→ Directions
Copy out the lines beginning at the one with "Kit Barcelona II" and ending at the last line of the data, both included; pictures stay out.

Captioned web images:
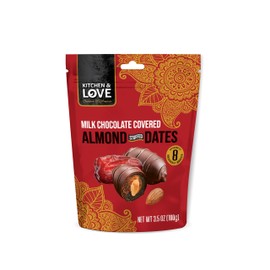 Kitchen & Love Milk Chocolate Covered Almond Stuffed Dates in a Convenient Resealable Pouch, 8 Individually Wrapped Pieces, Healthy Snack, 3.5 oz pouch (Pack of 1)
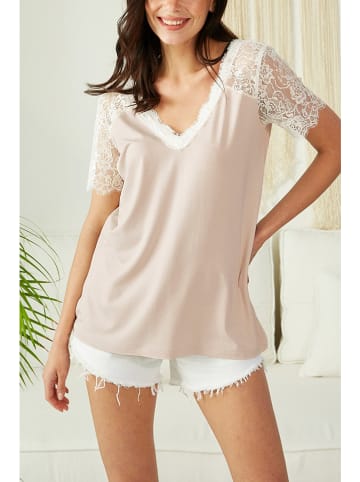 LA Angels Bluse in Beige/ Weiß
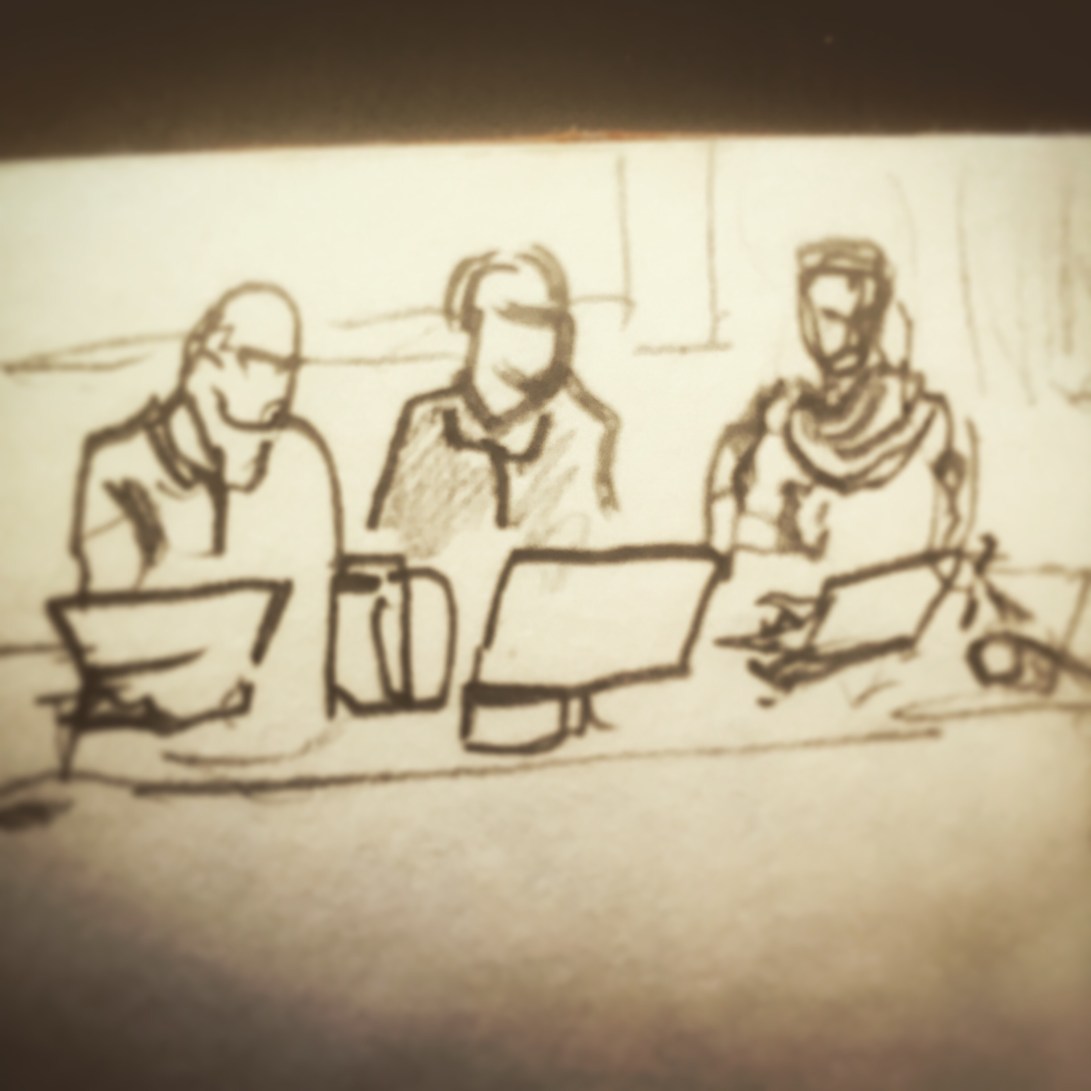 88/365 Throwback to last Thursday's #BDHunzipped event. That's Steve, John and Rob (the B, the D and the H respectively) on stage there, being asked questions about their twenty years since founding the company. I meant to do a series but I forgot my glasses so I basically drew this blind, then got lost in the endless spiral of a Rob's scarf. Pencil. Notebook: Artemis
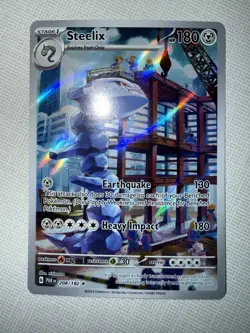 Pokemon TCG Steelix Paradox Rift Holo Card 208/182 Illustration Rare, Near Mint - Image 1
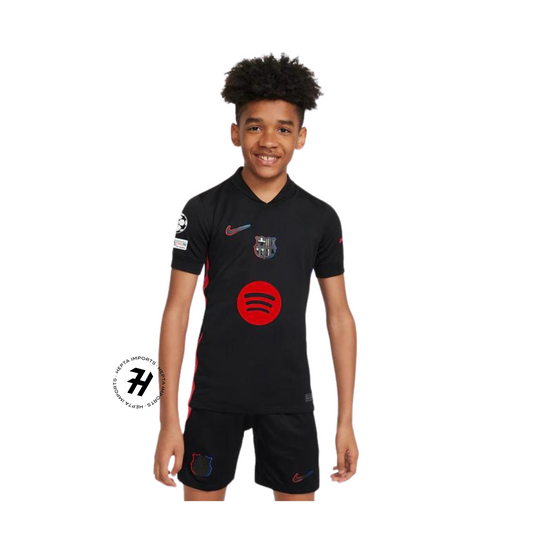 Kit Barcelona II – 2024/25 Infantil – Com patch Champions League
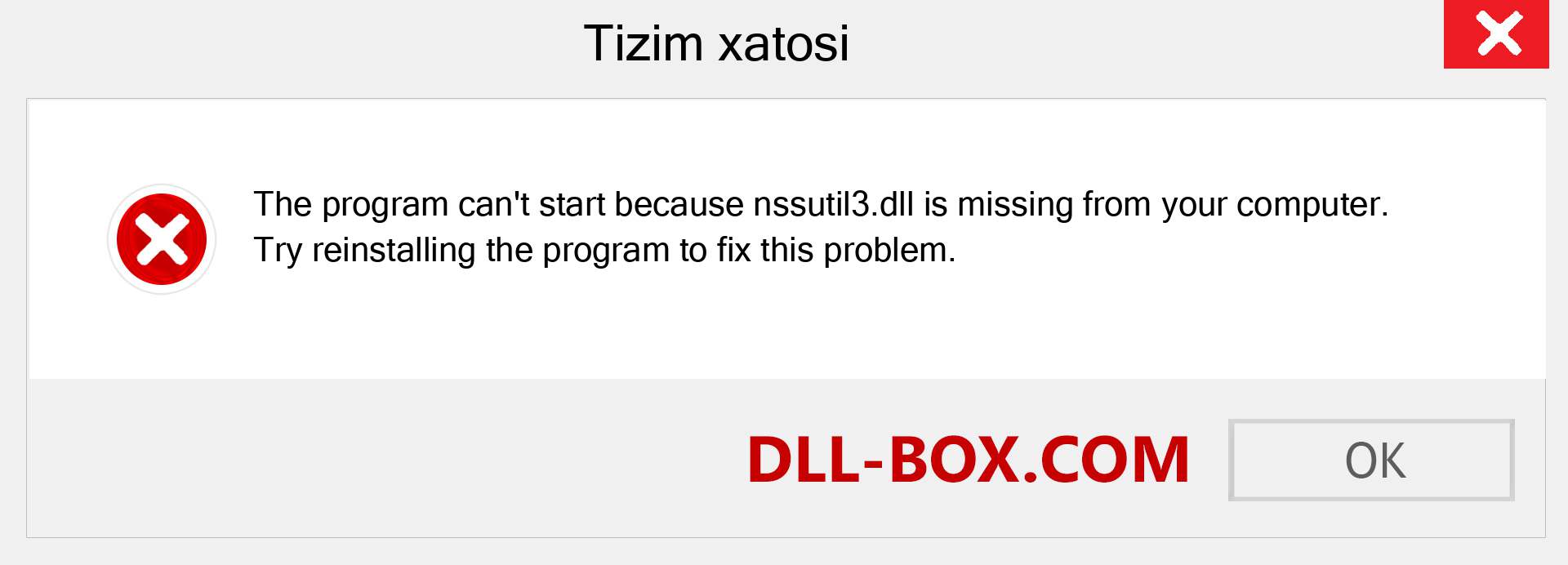 nssutil3.dll fayli yo'qolganmi?. Windows 7, 8, 10 uchun yuklab olish - Windowsda nssutil3 dll etishmayotgan xatoni tuzating, rasmlar, rasmlar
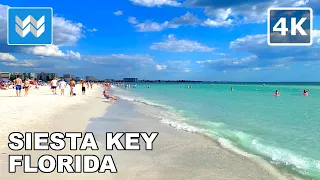 [4K] Siesta Key Beach in Florida USA - Spring Break Walking Tour Vlog & Vacation Travel Guide 🎧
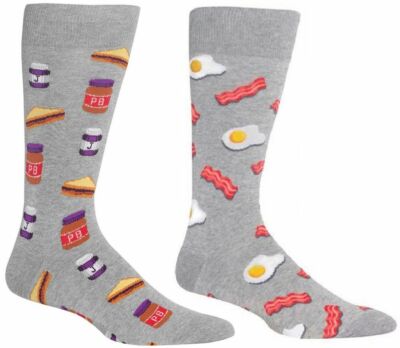 $40 Hot Sox Men 2 Pair-Pack Gray Eggs & Bacon Cotton Casual Crew Socks Shoe 6-12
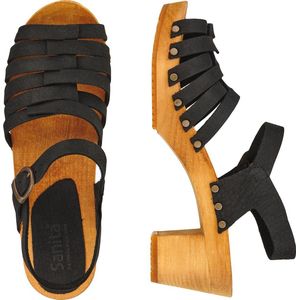 Sanita Clogs Damen Sandale Wood-Silo Square Sandal Black-38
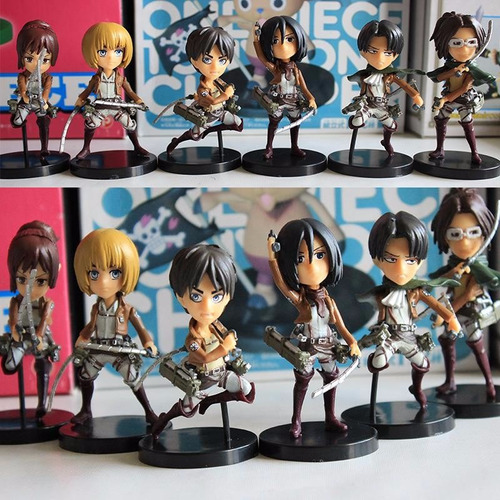 Set De 6 Figuras Ataque A Los Titanes Shingei  No Kyojin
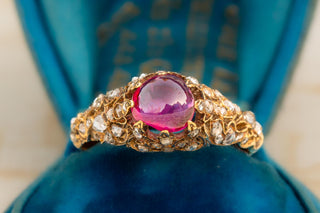 Antique 19th-Century Diamond Ring with Natural Burma Ruby Cabochon; Second Empir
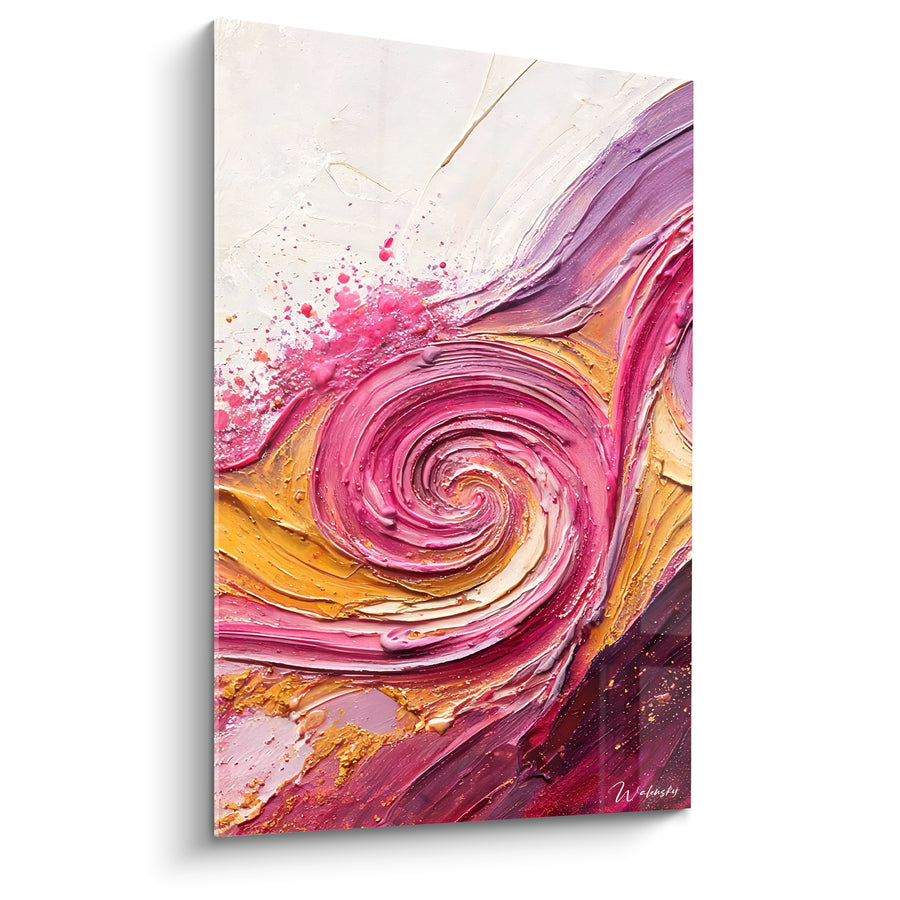 Tableau Vortex rose et doré en relief - Vague en fusion - Edition Spirales abstraites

→ Written solution
 Kit Barcelona II – 2024/25 Infantil – Com patch Champions League
 nssutil3.dll fayli yo'qolganmi?. Windows 7, 8, 10 uchun yuklab olish - Windowsda nssutil3 dll etishmayotgan xatoni tuzating, rasmlar, rasmlar
 [4K] Siesta Key Beach in Florida USA - Spring Break Walking Tour Vlog & Vacation Travel Guide 🎧
 $40 Hot Sox Men 2 Pair-Pack Gray Eggs & Bacon Cotton Casual Crew Socks Shoe 6-12
 Sanita Clogs Damen Sandale Wood-Silo Square Sandal Black-38
 Set De 6 Figuras Ataque A Los Titanes Shingei  No Kyojin
 Antique 19th-Century Diamond Ring with Natural Burma Ruby Cabochon; Second Empir
 Tableau Vortex rose et doré en relief - Vague en fusion - Edition Spirales abstraites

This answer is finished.